# AutoEQ: Automatic Equalization for Speakers, Headphones, and Rooms
## Introduction
AutoEQ is a Rust CLI toolkit for computing parametric EQ corrections. It uses global optimization algorithms to find optimal IIR filter parameters that minimize deviation from a target response or maximize perceptual preference scores.
**Note:** A graphical desktop application is available in a separate repository: [SotF](https://github.com/pierreaubert/sotf)
## Capabilities
### Supported Use Cases
- **Speaker EQ:** Optimize parametric EQ for loudspeakers using CEA2034/Spinorama measurements from [spinorama.org](https://spinorama.org)

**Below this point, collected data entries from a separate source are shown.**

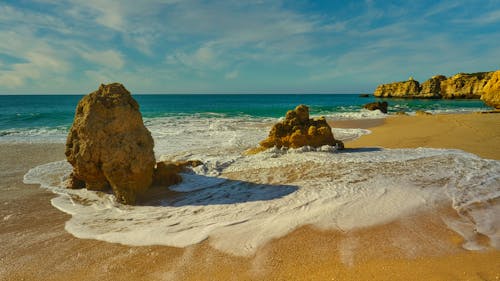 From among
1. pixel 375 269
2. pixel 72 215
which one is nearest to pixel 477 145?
pixel 375 269

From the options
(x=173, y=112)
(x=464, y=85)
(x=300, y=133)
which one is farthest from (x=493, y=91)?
(x=464, y=85)

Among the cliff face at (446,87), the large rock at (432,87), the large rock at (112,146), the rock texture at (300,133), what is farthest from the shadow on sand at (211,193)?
the large rock at (432,87)

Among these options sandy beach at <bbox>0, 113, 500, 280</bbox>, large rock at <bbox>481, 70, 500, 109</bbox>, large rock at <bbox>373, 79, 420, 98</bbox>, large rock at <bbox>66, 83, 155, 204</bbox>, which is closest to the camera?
sandy beach at <bbox>0, 113, 500, 280</bbox>

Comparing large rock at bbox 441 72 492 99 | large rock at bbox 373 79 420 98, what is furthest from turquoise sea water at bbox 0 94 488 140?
large rock at bbox 373 79 420 98

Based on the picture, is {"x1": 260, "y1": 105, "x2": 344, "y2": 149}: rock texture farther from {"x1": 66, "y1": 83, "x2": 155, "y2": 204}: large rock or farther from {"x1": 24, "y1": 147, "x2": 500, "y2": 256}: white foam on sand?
{"x1": 66, "y1": 83, "x2": 155, "y2": 204}: large rock

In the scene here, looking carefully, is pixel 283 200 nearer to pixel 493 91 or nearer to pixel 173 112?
pixel 493 91

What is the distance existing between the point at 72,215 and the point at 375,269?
3.84 meters

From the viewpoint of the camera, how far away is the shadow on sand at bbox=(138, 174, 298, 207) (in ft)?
14.4

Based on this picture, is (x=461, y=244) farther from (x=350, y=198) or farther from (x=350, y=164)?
(x=350, y=164)

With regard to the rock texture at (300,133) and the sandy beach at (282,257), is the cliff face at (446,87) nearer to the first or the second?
the rock texture at (300,133)

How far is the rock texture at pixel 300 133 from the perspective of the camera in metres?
7.50

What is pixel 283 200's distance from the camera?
4.27 m

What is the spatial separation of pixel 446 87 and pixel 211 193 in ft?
245

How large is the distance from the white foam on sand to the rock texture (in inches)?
40.7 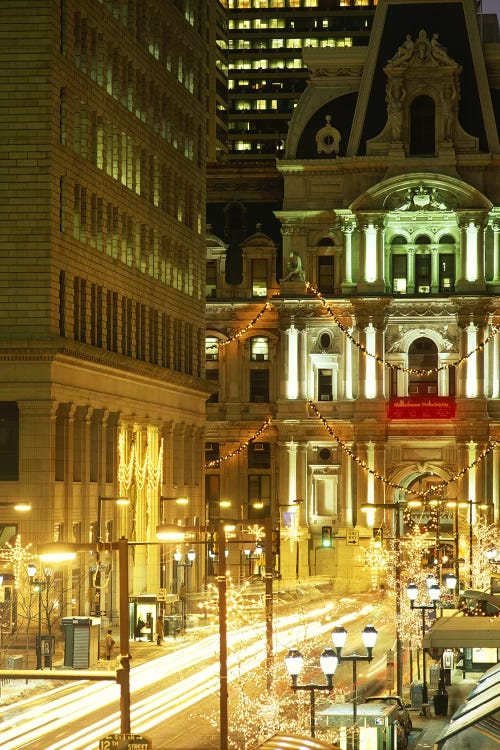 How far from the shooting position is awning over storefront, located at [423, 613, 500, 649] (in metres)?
48.2

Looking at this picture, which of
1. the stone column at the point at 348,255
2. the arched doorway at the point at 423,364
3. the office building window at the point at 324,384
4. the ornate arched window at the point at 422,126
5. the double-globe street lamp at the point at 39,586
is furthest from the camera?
the office building window at the point at 324,384

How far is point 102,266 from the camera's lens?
8181cm

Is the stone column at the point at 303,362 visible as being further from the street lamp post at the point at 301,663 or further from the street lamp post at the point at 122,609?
the street lamp post at the point at 122,609

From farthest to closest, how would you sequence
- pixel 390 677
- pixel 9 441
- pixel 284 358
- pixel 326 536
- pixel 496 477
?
pixel 284 358, pixel 496 477, pixel 326 536, pixel 9 441, pixel 390 677

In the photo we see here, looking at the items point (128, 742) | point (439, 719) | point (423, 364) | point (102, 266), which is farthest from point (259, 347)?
point (128, 742)

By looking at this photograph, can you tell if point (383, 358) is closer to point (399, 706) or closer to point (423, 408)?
point (423, 408)

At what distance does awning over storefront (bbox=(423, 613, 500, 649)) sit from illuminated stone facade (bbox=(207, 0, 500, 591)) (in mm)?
Answer: 64028

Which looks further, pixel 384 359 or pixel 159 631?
pixel 384 359

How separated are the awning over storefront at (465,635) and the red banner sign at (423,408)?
2641 inches

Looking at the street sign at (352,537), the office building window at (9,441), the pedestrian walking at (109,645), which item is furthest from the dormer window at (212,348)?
the pedestrian walking at (109,645)

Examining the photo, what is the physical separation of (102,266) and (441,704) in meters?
34.3

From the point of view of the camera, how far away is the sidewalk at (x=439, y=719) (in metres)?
47.0

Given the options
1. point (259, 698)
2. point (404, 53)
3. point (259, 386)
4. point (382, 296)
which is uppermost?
point (404, 53)

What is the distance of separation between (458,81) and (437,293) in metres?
14.4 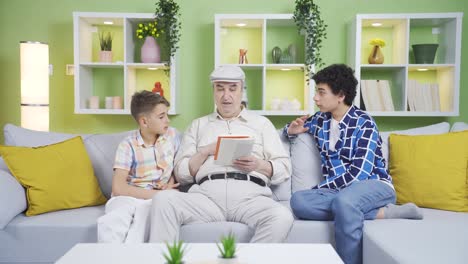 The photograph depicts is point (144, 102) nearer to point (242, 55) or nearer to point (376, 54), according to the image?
point (242, 55)

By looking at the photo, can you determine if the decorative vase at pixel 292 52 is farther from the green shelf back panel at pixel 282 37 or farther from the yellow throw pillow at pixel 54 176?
the yellow throw pillow at pixel 54 176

- **Headphone EQ:** Generate EQ corrections for headphones targeting Harman curves or custom targets
- **Multi-Channel Systems:** Optimize stereo, 2.1, and multi-driver configurations with crossover management
- **Room Correction:** Multi-subwoofer alignment and Double Bass Array (DBA) optimization
### Optimization Algorithms
Three algorithm libraries are available:
| **NLopt** | ISRES, COBYLA, SLSQP, BOBYQA, DIRECT, StoGO, etc. | Nonlinear constraints |
| **Metaheuristics** | DE, PSO, RGA, TLBO, Firefly | Penalty-based |
| **AutoEQ Custom** | Adaptive Differential Evolution | Nonlinear constraints |
### Loss Functions
- `speaker-flat`: Minimize deviation from target curve (near-field listening)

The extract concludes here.